◆ **Extracted material**:
((

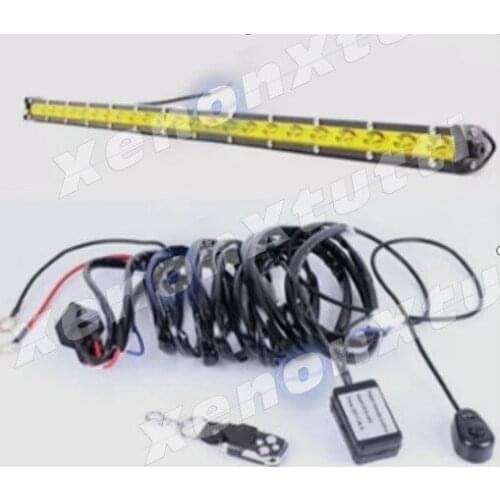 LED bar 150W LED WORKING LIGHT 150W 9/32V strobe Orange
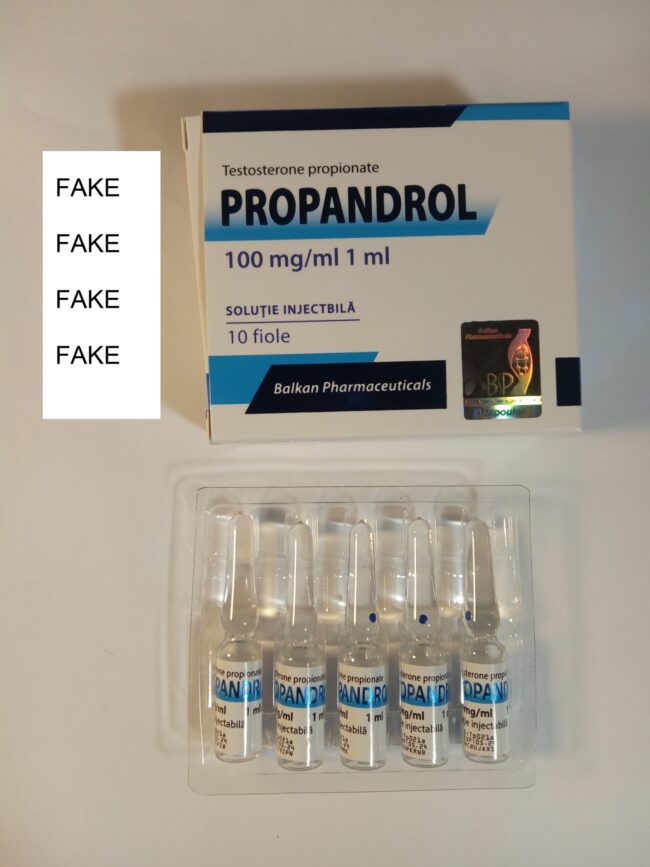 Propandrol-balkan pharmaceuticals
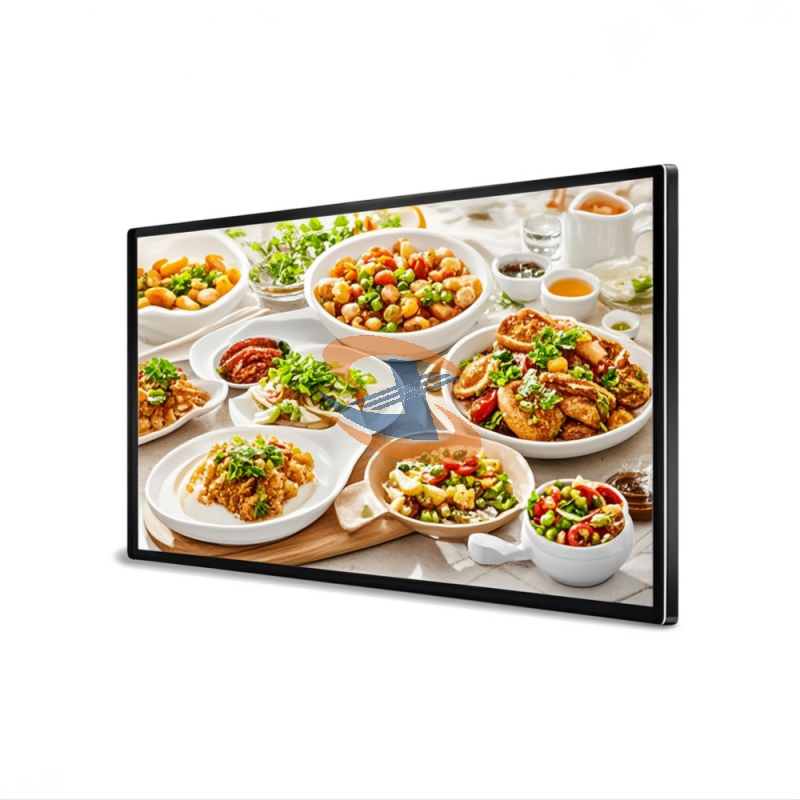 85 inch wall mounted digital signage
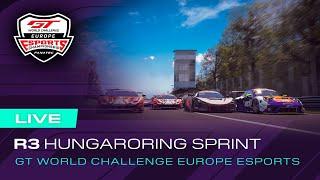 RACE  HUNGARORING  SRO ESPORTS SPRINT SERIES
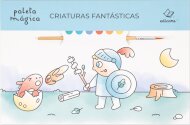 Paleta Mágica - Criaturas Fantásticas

))

◆ **Exercise description**:
Could you set down exactly, and only, the lines from the line containing "Propandrol-balkan pharmaceuticals" through the last line of the records, both included, without the pictures?

◆ **Written solution**:
 Propandrol-balkan pharmaceuticals
 85 inch wall mounted digital signage
 RACE  HUNGARORING  SRO ESPORTS SPRINT SERIES
 Paleta Mágica - Criaturas Fantásticas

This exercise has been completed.